= Literature of Vanuatu =

The literature of Vanuatu, understood in the strict sense of written literature, began in the 1960s.

== History ==
What existed in precolonial Vanuatu was - and still is - oral literature, in the form of folk tales, myths, legends, sung poetry… transmitted by word of mouth across generations. Writing and literacy were introduced by missionaries and formal schools from the colonial period; the idea of using this technology for artistic purposes emerged late, and has been mostly restricted to urban social circles influenced by Western practices.

The emergence of ni-Vanuatu written literature took place in the context of the development of indigenous Pacific Islander literature in the Pacific region as a whole, beginning in the late 1960s. In 1968, the founding of the University of the South Pacific in Suva provided a stimulus for Pacific Islander literary aspirations.

Creative writing courses and workshops were set up. The South Pacific Arts Society was founded at the university in 1973, and published Pacific Islander literature (poetry and short stories) in the magazine Pacific Islands Monthly. In 1974, the Society founded the publishing house Mana Publications, followed in 1976 by the art and literature journal Mana. The journal published the first anthologies of ni-Vanuatu poetry.

Arguably Vanuatu's foremost literary figure was feminist poet Grace Molisa (1946-2002). The Australian has described her poems as "a biting social commentary on life in patriarchal, post-colonial Vanuatu." She wrote both in English and in Bislama.

In 2007, francophone singer-songwriter, musician and author Marcel Melthérorong (fr) published the first ever novel written by a Vanuatuan, through the Alliance Française: Tôghàn. His novel touched upon the sense of rootlessness of Pacific Islander youth, trying to find their bearings between Melanesian and Western values. When it was re-edited in 2009, Nobel Prize in Literature winner Jean-Marie Le Clézio wrote the preface, celebrating "a new and original voice" in francophone literature.

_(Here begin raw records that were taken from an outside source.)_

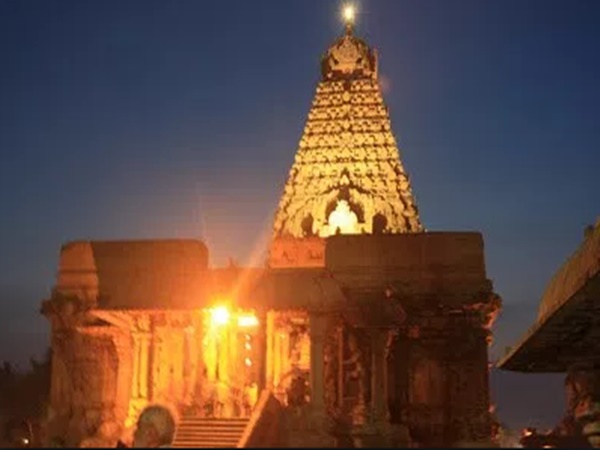 ఈ ఆలయ నీడలు భూమి మీద పడకుండ మాయం చేసిన దేవుడు...బయటపడ్డ రహస్యం...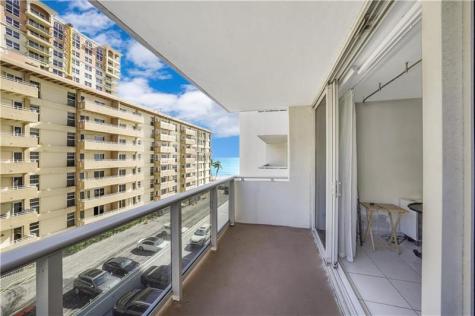 3140 S Ocean Drive Hallandale Beach FL 33009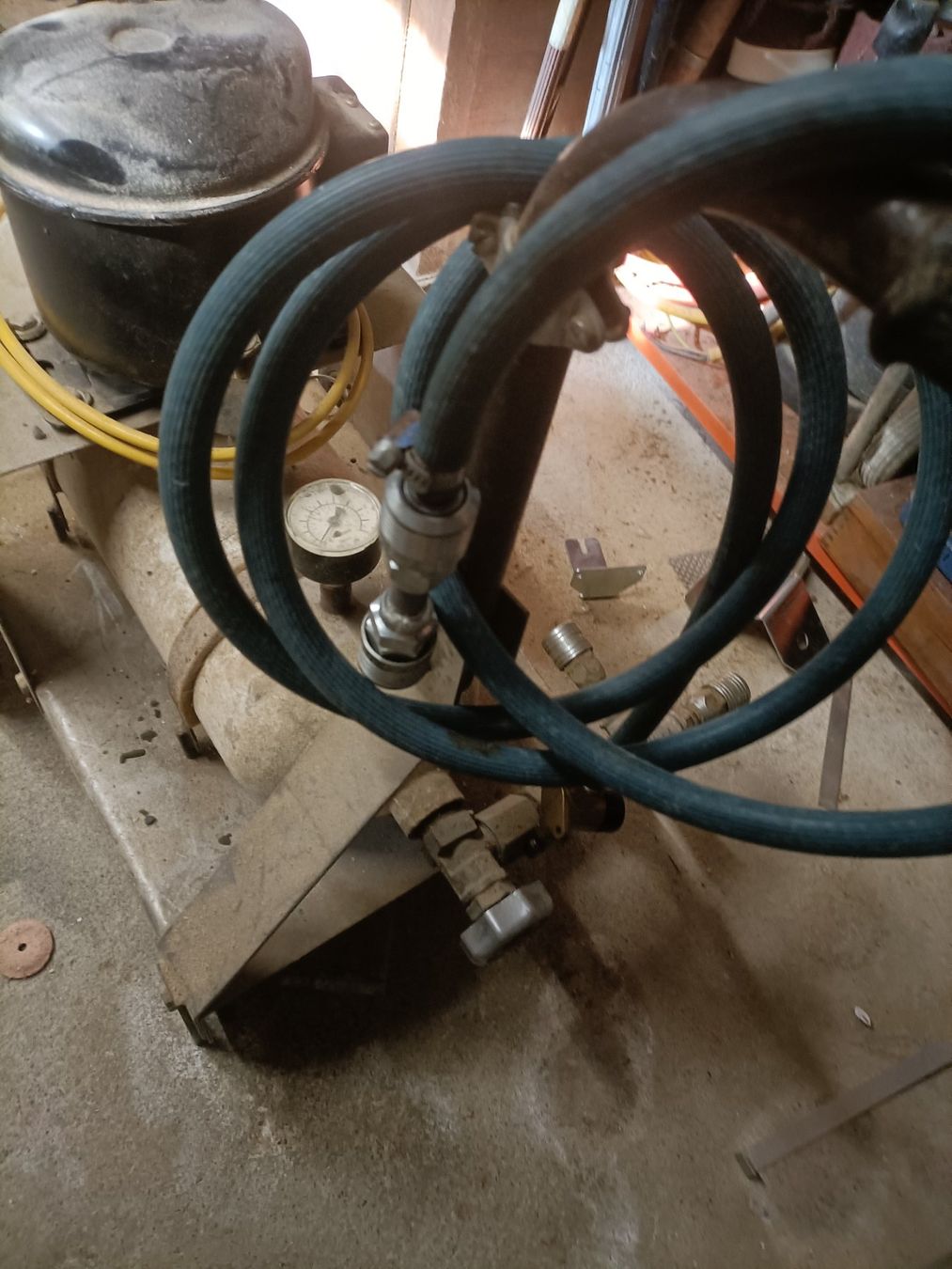 Compressori: Kompressor gebraucht mit Manometer und Schlauch – Usato da Schöftland venduto da Snacketti7 3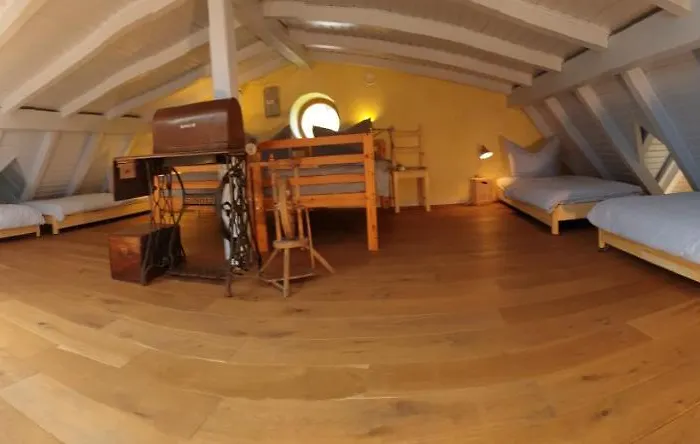 Ferienhaus Am Wasserturm Für 6 Erwachsene Und 9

Vanuatu's literary scene is also notable for the Wan Smolbag community theatre group, established in 1989. The group writes and performs plays, in English and in Bislama, addressing educational topics such as "malaria and AIDS prevention, hurricane preparedness and domestic violence". Wan Smolbag performs regional tours in the South Pacific, and its plays are available on video throughout the region, where they are used for educational purposes. The theatre describes itself as using "drama to inform, raise awareness and encourage public discussion on a range of contemporary health, lifestyle, environment and governance issues".